Public clickwrap endpoints

GET /api/public/clickwrap/:agreementId

Fetch the agreement text for the consent widget. Used by the public /consent/:agreementId page. Rate limit: 120 requests per IP per minute. Response: 
{
  "agreement": {
    "id": "agr_abc123",
    "key": "buyer-rep-acknowledgment",
    "title": "Buyer Representation Acknowledgment",
    "body": "By clicking Accept, you confirm ...",
    "versionHash": "e3b0c44298fc..."
  }
}
Response (404): { "state": "gone" } — agreement does not exist or is not active.

POST /api/public/clickwrap/:agreementId

Record an immutable acceptance. Body is optional. Rate limit: 60 requests per IP per minute.
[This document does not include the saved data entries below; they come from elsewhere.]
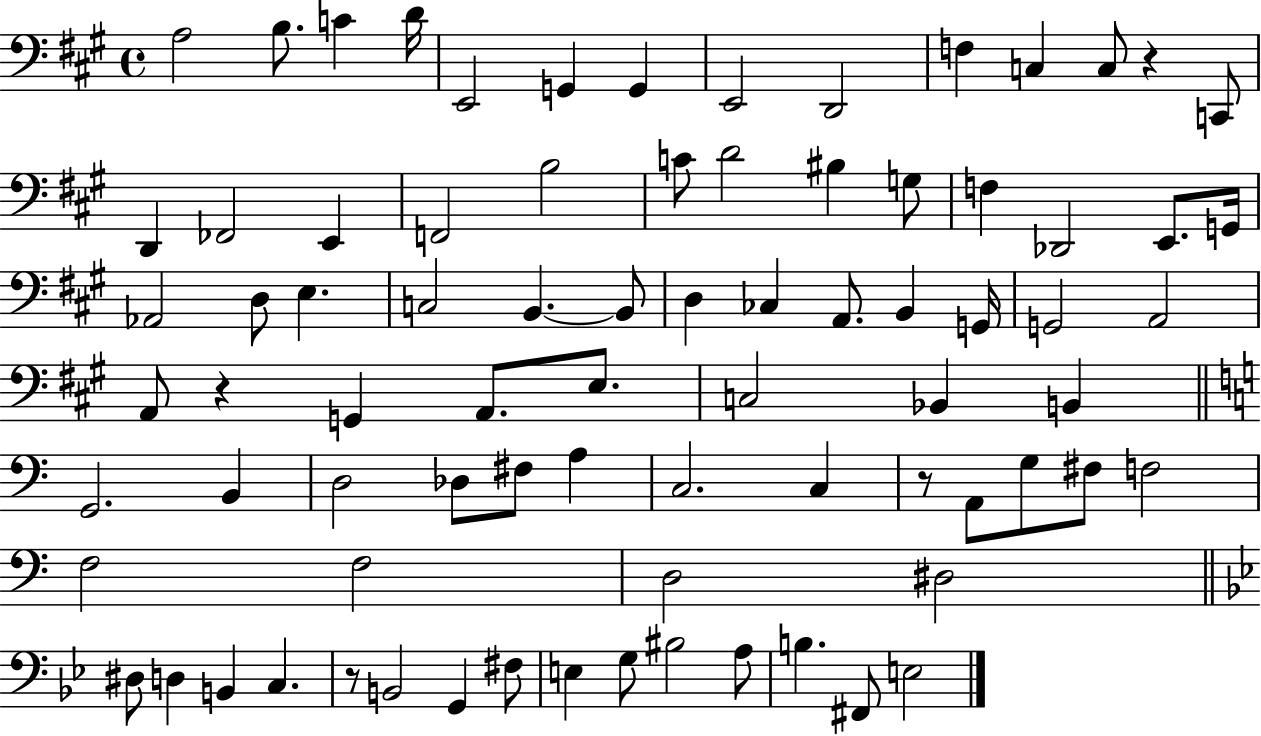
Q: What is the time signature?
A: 4/4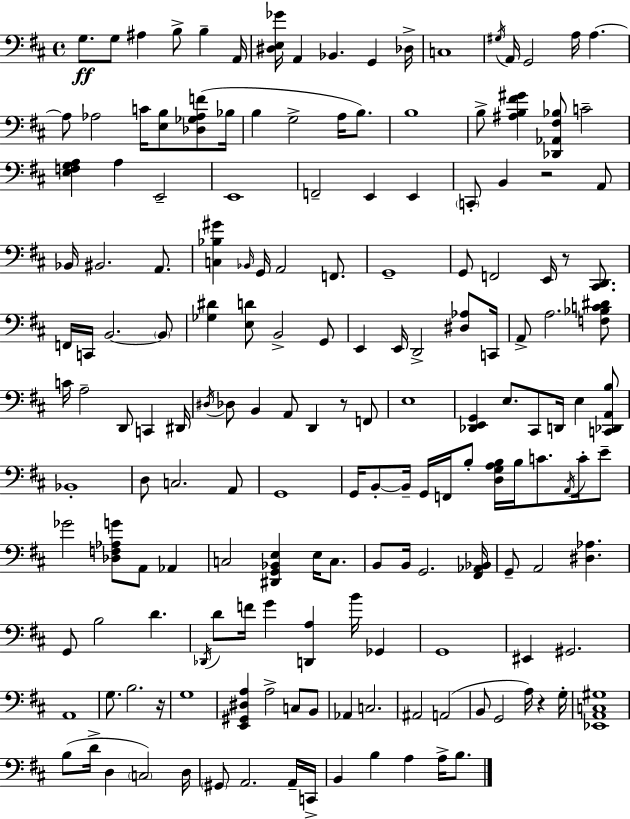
X:1
T:Untitled
M:4/4
L:1/4
K:D
G,/2 G,/2 ^A, B,/2 B, A,,/4 [^D,E,_G]/4 A,, _B,, G,, _D,/4 C,4 ^G,/4 A,,/4 G,,2 A,/4 A, A,/2 _A,2 C/4 [E,B,]/2 [_D,_G,_A,F]/2 _B,/4 B, G,2 A,/4 B,/2 B,4 B,/2 [^A,B,^F^G] [_D,,_A,,^F,_B,]/2 C2 [E,F,G,A,] A, E,,2 E,,4 F,,2 E,, E,, C,,/2 B,, z2 A,,/2 _B,,/4 ^B,,2 A,,/2 [C,_B,^G] _B,,/4 G,,/4 A,,2 F,,/2 G,,4 G,,/2 F,,2 E,,/4 z/2 [^C,,D,,]/2 F,,/4 C,,/4 B,,2 B,,/2 [_G,^D] [E,D]/2 B,,2 G,,/2 E,, E,,/4 D,,2 [^D,_A,]/2 C,,/4 A,,/2 A,2 [F,_B,C^D]/2 C/4 A,2 D,,/2 C,, ^D,,/4 ^D,/4 _D,/2 B,, A,,/2 D,, z/2 F,,/2 E,4 [_D,,E,,G,,] E,/2 ^C,,/2 D,,/4 E, [C,,_D,,A,,B,]/2 _B,,4 D,/2 C,2 A,,/2 G,,4 G,,/4 B,,/2 B,,/4 G,,/4 F,,/4 B,/2 [D,G,A,B,]/4 B,/4 C/2 A,,/4 C/4 E/2 _G2 [_D,F,_A,G]/2 A,,/2 _A,, C,2 [^D,,G,,_B,,E,] E,/4 C,/2 B,,/2 B,,/4 G,,2 [^F,,_A,,_B,,]/4 G,,/2 A,,2 [^D,_A,] G,,/2 B,2 D _D,,/4 D/2 F/4 G [D,,A,] B/4 _G,, G,,4 ^E,, ^G,,2 A,,4 G,/2 B,2 z/4 G,4 [E,,^G,,^D,A,] A,2 C,/2 B,,/2 _A,, C,2 ^A,,2 A,,2 B,,/2 G,,2 A,/4 z G,/4 [_E,,A,,C,^G,]4 B,/2 D/4 D, C,2 D,/4 ^G,,/2 A,,2 A,,/4 C,,/4 B,, B, A, A,/4 B,/2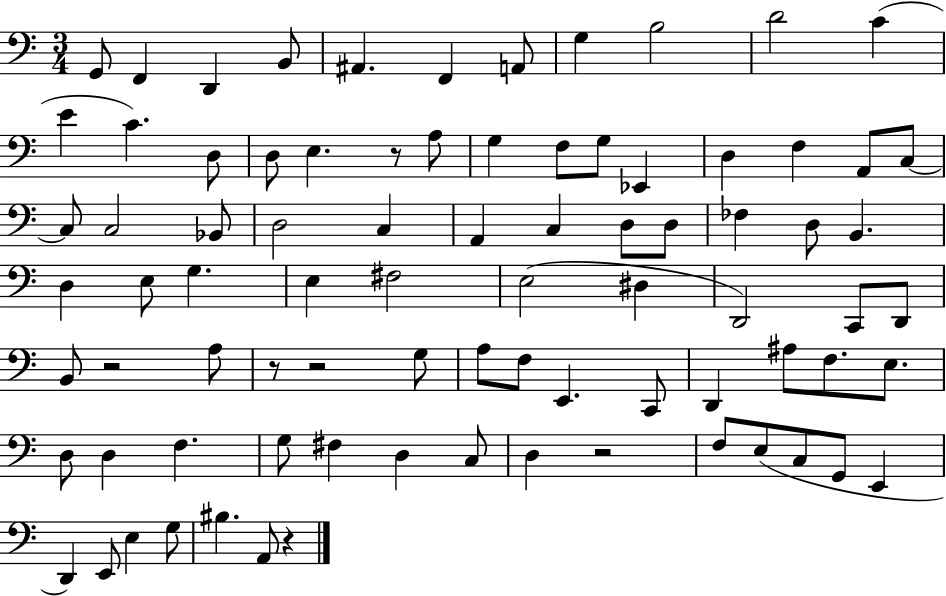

Request body (optional): 
{
  "subjectRef": "person_def456"
}
FieldTypeRequiredDescription
subjectRefstringNoOptional identifier linking this acceptance to a person or lead in your CRM (person ID, email, or other stable reference).
Response: 
{ "accepted": true }
Response (404): { "state": "gone" } — agreement does not exist or is not active.

Events emitted

The Document OS routes emit the following events on the internal event bus:
EventFired when
DOCUMENT_SIGNEDAll signers on an envelope have signed (envelope reaches completed). Downstream: obligation re-sync, deal-stage advance, closing-checklist spawn.